Supplied data section start
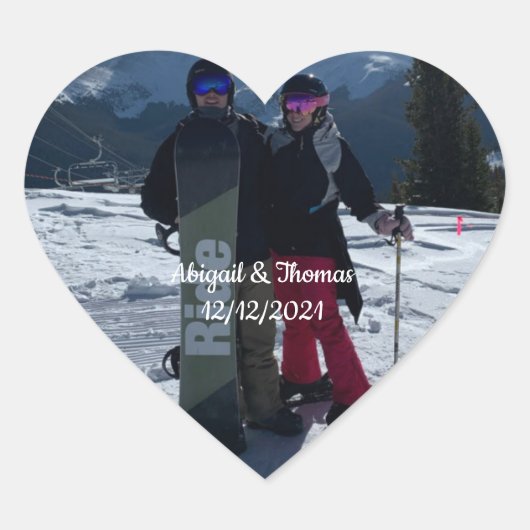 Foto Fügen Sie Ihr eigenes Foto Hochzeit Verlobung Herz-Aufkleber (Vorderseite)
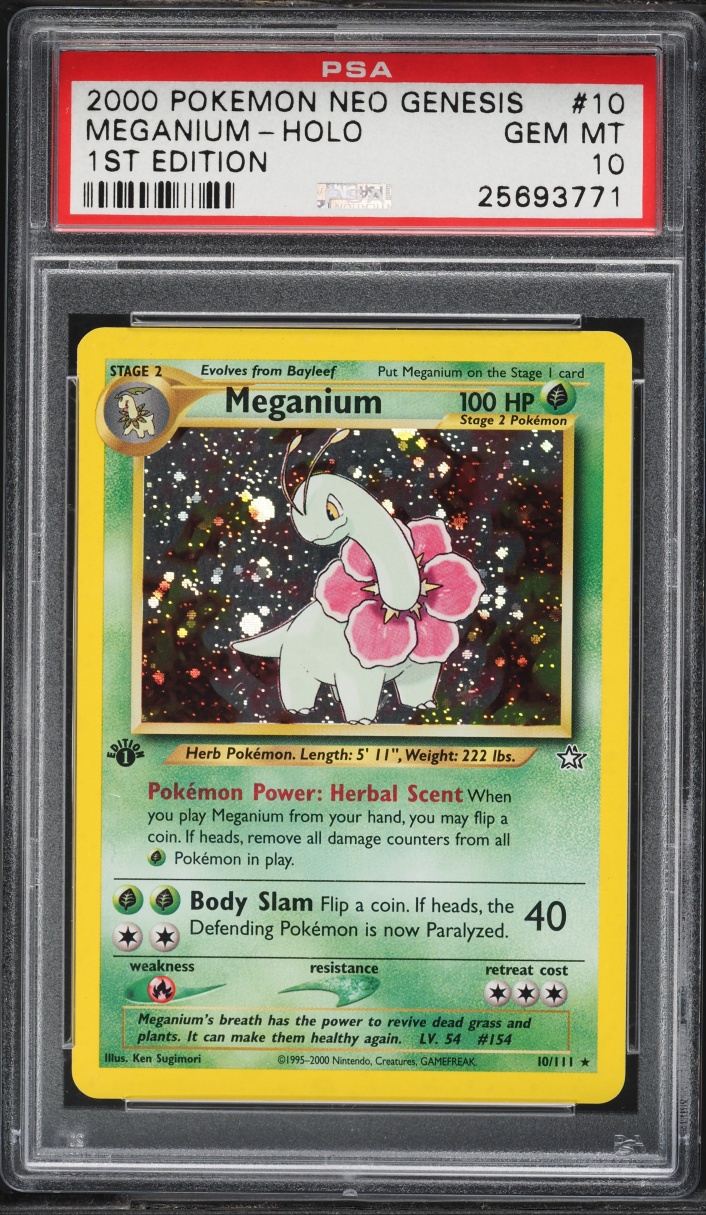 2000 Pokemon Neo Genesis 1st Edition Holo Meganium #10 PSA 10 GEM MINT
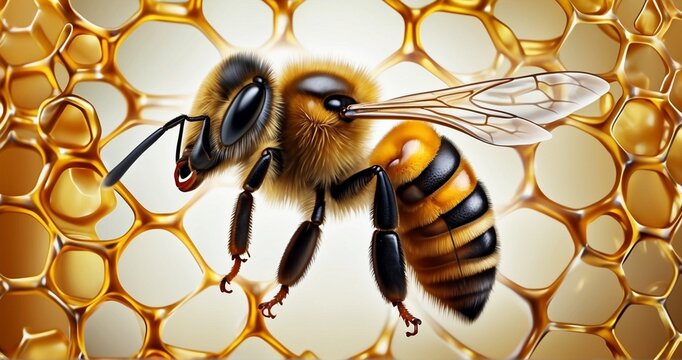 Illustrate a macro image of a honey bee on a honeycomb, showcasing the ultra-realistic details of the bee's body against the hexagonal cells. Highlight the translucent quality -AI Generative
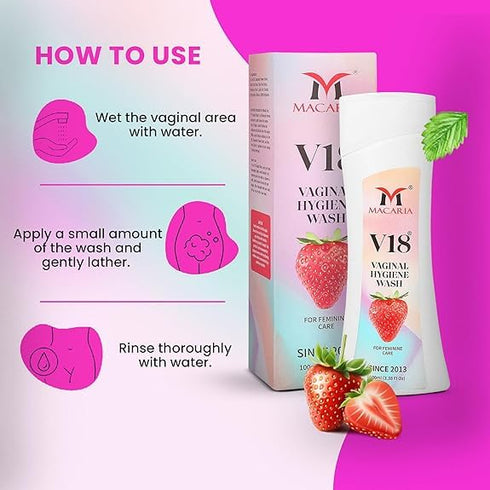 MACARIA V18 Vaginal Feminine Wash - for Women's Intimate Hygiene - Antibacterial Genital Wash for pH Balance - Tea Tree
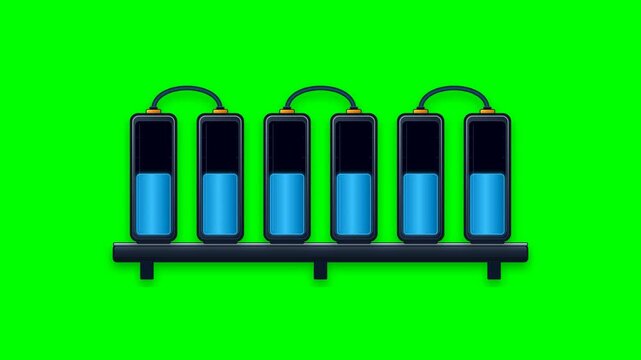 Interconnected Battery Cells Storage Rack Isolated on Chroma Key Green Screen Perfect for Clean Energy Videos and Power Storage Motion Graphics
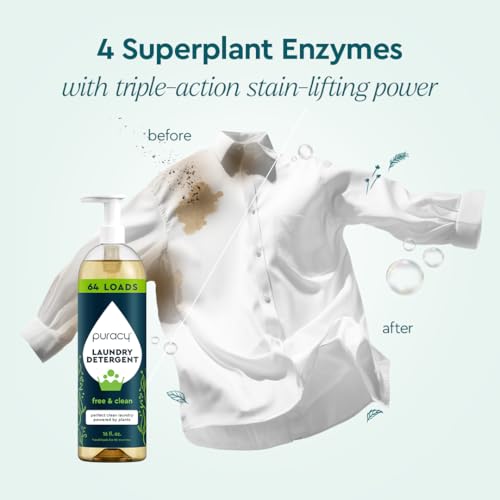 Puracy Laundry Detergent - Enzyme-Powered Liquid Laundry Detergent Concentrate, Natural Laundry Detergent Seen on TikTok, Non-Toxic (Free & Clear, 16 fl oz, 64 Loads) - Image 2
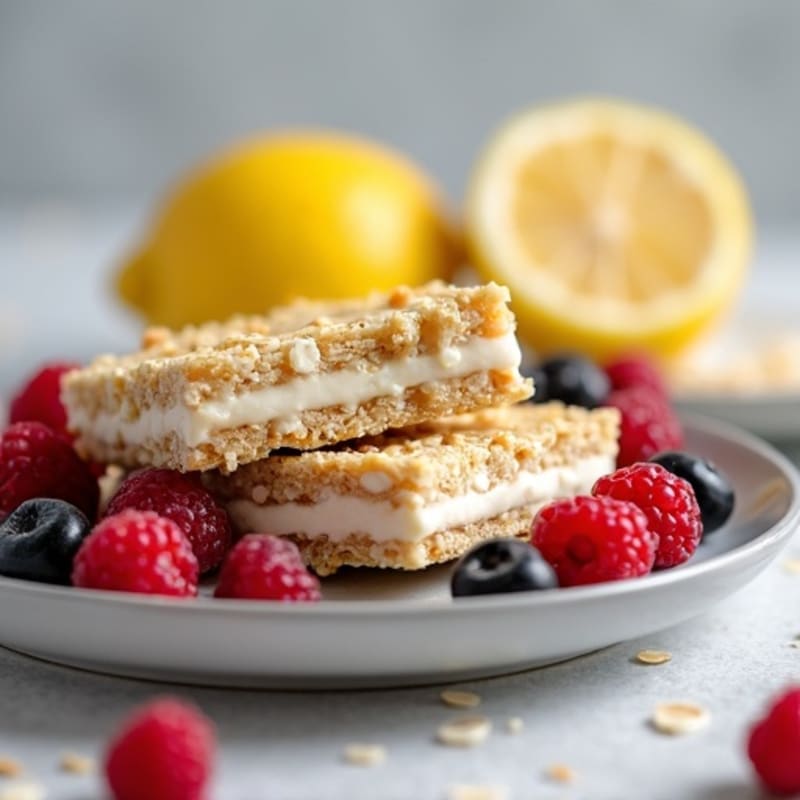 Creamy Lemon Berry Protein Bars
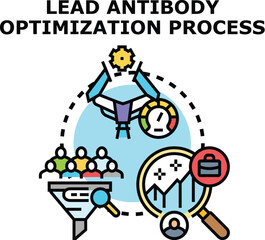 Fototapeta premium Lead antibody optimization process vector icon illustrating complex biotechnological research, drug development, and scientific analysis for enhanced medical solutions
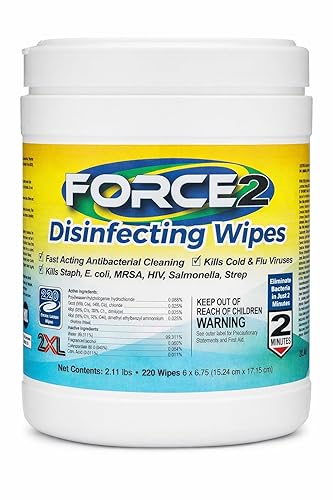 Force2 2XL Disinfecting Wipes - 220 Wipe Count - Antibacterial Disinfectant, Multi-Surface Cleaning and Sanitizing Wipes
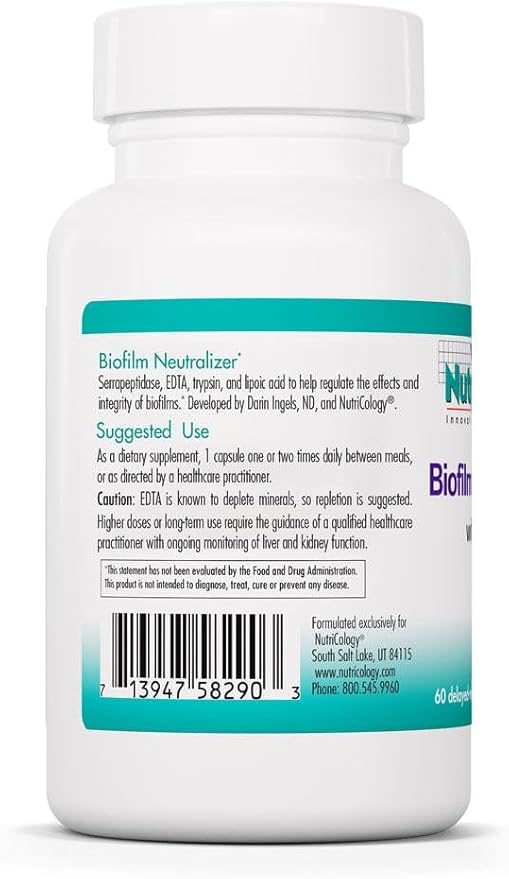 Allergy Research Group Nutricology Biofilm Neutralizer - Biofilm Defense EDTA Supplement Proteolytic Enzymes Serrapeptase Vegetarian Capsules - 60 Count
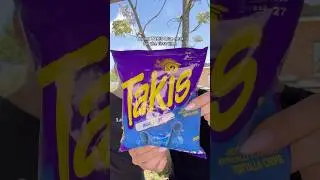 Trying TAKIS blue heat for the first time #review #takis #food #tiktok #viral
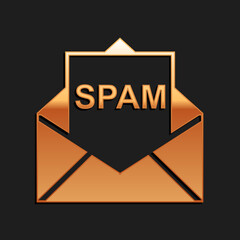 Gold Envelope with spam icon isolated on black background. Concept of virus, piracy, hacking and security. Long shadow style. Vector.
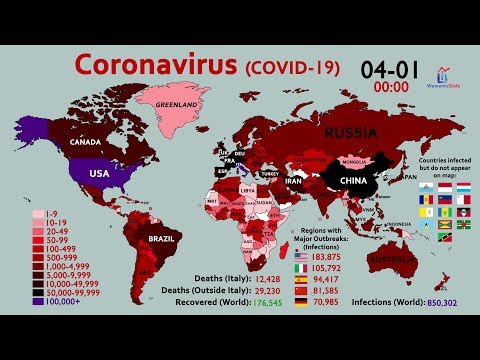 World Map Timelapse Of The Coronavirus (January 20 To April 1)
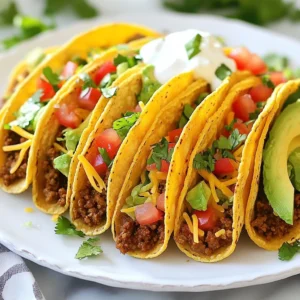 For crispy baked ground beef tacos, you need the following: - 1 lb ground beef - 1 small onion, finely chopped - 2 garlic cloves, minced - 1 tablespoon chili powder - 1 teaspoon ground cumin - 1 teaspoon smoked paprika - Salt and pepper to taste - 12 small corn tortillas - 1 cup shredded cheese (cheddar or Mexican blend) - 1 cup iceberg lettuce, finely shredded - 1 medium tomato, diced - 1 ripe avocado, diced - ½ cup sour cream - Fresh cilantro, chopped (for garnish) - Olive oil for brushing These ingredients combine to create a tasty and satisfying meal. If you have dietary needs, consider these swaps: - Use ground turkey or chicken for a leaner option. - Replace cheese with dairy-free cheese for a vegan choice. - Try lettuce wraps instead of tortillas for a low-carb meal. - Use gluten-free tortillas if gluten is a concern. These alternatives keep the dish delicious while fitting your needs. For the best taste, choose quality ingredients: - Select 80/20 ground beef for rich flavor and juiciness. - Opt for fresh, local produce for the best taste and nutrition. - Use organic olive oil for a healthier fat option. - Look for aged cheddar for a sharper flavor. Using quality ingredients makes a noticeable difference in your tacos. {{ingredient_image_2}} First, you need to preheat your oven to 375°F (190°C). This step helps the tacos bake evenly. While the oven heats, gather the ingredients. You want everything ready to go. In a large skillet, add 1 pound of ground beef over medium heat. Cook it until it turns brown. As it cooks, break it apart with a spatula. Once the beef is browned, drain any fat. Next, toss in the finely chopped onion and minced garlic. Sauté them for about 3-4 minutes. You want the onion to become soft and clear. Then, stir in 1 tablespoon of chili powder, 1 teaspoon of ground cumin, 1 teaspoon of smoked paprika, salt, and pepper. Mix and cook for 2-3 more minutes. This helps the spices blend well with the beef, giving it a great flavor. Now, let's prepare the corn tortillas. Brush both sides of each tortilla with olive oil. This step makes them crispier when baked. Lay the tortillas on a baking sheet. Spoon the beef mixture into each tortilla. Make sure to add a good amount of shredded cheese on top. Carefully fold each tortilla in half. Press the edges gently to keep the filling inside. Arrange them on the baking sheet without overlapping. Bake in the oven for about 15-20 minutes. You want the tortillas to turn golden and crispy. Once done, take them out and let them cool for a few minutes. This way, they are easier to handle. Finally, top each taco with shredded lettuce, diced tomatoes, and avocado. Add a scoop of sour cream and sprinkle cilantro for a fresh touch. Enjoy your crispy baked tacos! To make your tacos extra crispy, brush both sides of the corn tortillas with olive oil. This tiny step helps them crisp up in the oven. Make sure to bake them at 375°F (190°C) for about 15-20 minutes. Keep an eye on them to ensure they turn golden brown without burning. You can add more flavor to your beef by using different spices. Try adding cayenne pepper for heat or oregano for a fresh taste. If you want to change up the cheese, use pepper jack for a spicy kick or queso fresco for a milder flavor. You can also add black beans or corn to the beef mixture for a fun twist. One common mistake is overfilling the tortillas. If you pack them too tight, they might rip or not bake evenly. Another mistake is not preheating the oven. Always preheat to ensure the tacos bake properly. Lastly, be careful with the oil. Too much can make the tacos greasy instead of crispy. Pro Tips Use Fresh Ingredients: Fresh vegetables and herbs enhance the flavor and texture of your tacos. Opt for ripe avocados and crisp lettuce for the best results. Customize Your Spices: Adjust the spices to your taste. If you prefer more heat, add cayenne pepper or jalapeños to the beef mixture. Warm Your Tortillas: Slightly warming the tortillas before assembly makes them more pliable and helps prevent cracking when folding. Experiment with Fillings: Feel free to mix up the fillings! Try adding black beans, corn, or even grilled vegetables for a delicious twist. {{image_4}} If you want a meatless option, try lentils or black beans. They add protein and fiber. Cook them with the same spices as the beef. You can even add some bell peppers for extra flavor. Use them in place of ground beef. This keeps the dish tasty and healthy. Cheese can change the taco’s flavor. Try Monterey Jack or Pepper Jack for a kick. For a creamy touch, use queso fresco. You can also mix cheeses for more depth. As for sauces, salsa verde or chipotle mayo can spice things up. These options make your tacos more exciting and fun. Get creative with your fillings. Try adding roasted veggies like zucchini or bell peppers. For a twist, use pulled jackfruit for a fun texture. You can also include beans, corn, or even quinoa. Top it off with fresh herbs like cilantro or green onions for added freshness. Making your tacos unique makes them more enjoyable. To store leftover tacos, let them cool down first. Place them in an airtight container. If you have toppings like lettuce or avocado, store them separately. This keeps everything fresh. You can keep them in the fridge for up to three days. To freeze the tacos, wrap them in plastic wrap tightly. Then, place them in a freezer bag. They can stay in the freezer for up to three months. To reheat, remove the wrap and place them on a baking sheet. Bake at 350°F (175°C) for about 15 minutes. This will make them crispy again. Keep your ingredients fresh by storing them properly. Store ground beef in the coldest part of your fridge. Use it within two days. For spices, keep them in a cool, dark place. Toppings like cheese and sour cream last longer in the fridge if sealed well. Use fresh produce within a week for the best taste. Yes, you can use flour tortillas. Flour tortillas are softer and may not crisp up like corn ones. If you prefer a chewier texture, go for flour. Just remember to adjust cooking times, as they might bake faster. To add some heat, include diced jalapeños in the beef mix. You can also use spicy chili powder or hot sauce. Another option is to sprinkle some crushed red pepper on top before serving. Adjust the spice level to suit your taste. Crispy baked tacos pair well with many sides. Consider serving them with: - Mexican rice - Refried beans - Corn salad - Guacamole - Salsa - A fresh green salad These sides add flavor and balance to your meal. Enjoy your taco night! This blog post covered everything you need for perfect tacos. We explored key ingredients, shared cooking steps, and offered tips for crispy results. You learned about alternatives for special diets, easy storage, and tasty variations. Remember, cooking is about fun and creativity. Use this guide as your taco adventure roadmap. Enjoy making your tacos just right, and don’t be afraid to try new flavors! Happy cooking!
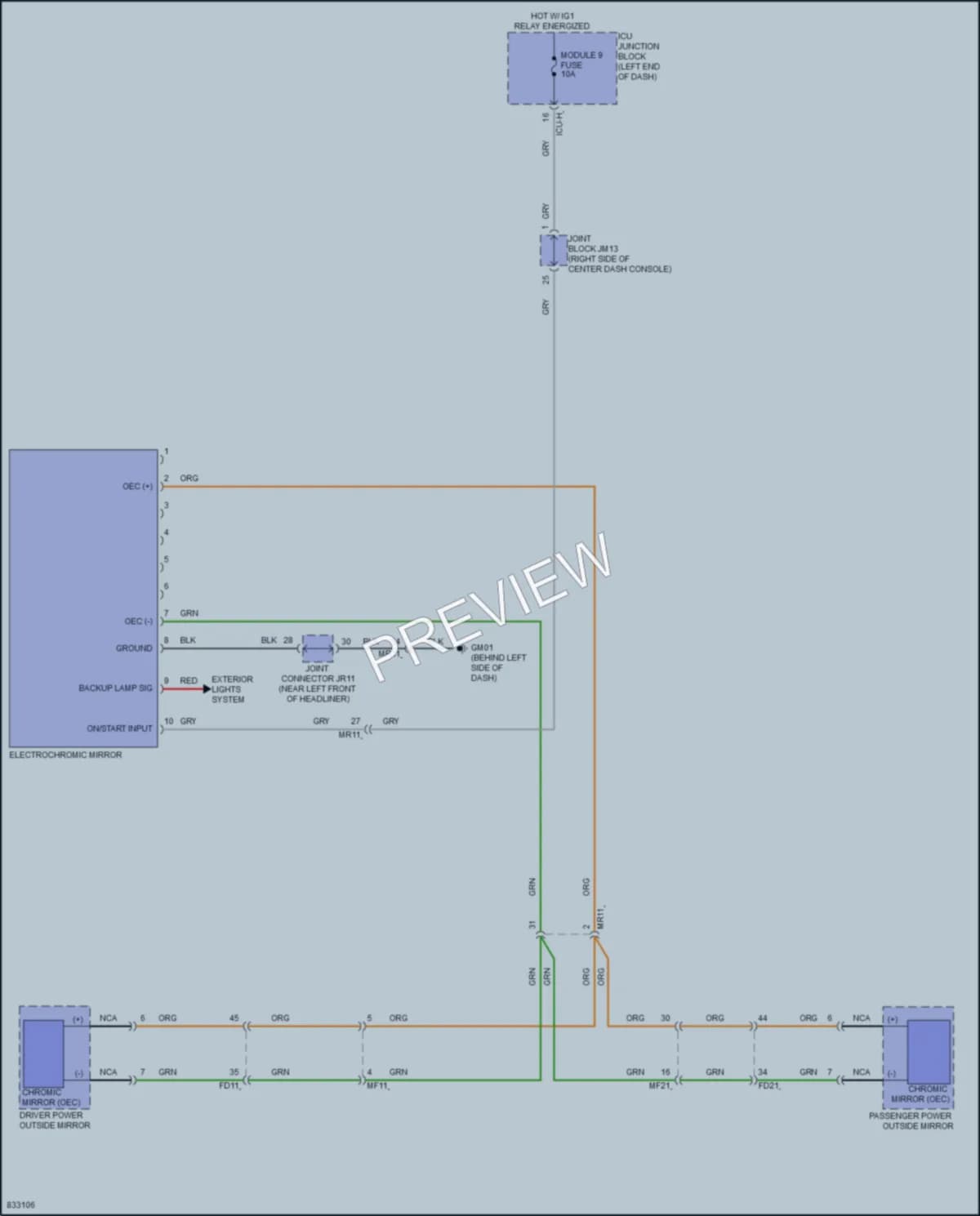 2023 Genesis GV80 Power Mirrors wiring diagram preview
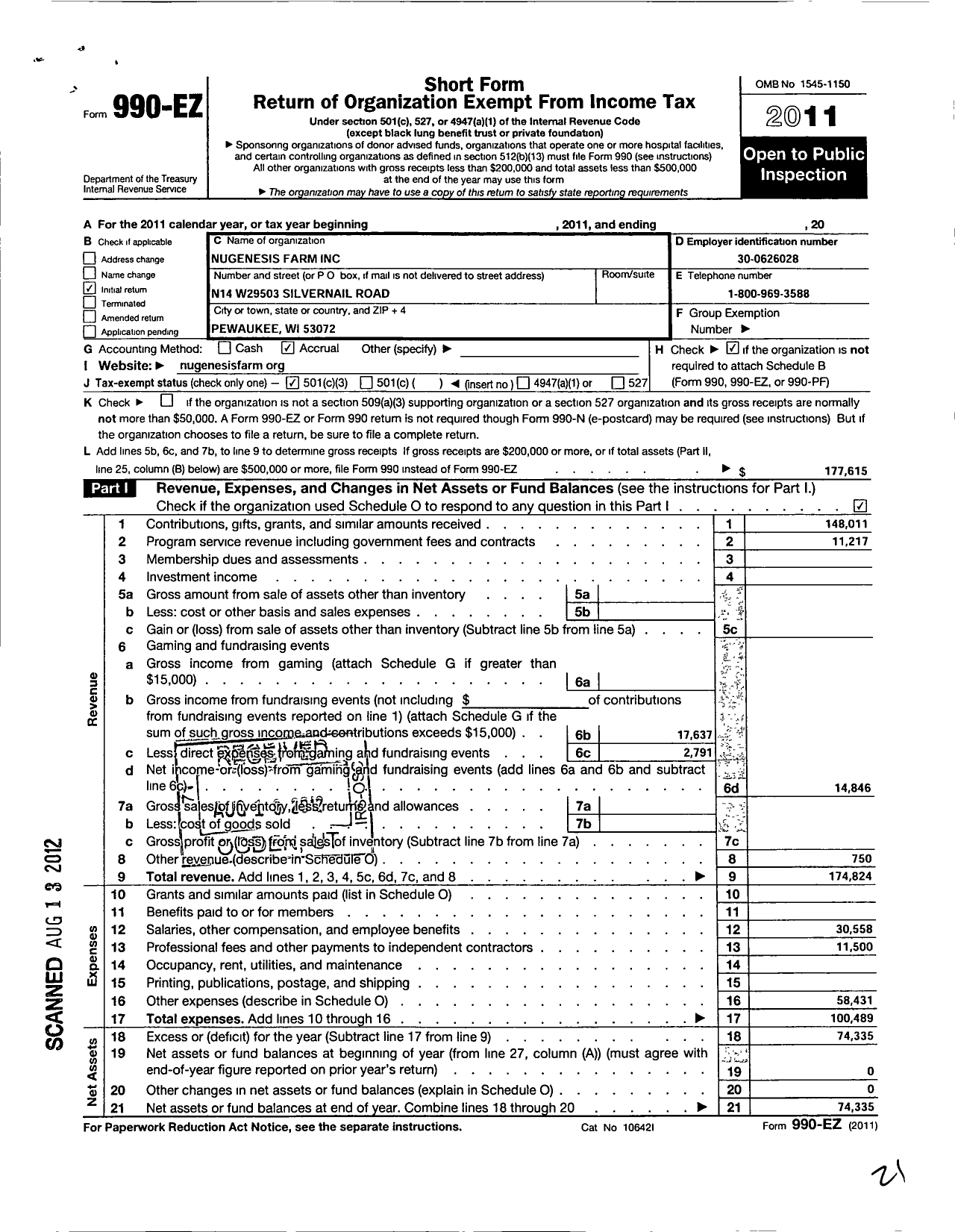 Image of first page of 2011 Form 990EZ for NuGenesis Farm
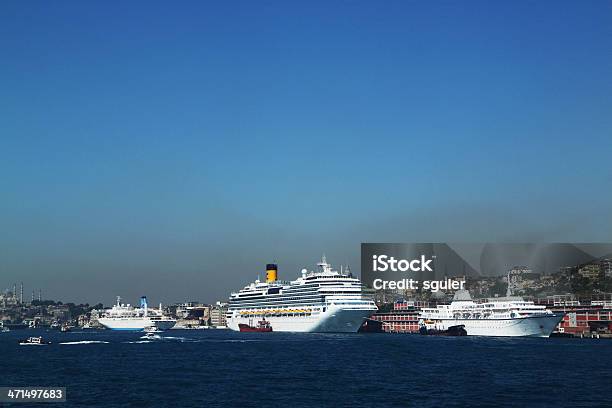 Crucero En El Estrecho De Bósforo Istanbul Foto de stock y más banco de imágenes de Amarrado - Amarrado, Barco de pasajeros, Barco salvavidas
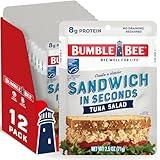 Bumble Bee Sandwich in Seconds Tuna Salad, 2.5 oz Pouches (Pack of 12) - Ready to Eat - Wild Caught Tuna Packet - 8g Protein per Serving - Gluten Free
Supplied data section end
**Your objective:** Within the entries above, give again exactly the lines starting at the one that contains "Fototapeta premium Lead" and ending at the one that contains "Trying TAKIS blue", leaving out the pictures.

**Task answer:**
 Fototapeta premium Lead antibody optimization process vector icon illustrating complex biotechnological research, drug development, and scientific analysis for enhanced medical solutions
 Force2 2XL Disinfecting Wipes - 220 Wipe Count - Antibacterial Disinfectant, Multi-Surface Cleaning and Sanitizing Wipes
 Allergy Research Group Nutricology Biofilm Neutralizer - Biofilm Defense EDTA Supplement Proteolytic Enzymes Serrapeptase Vegetarian Capsules - 60 Count
 Trying TAKIS blue heat for the first time #review #takis #food #tiktok #viral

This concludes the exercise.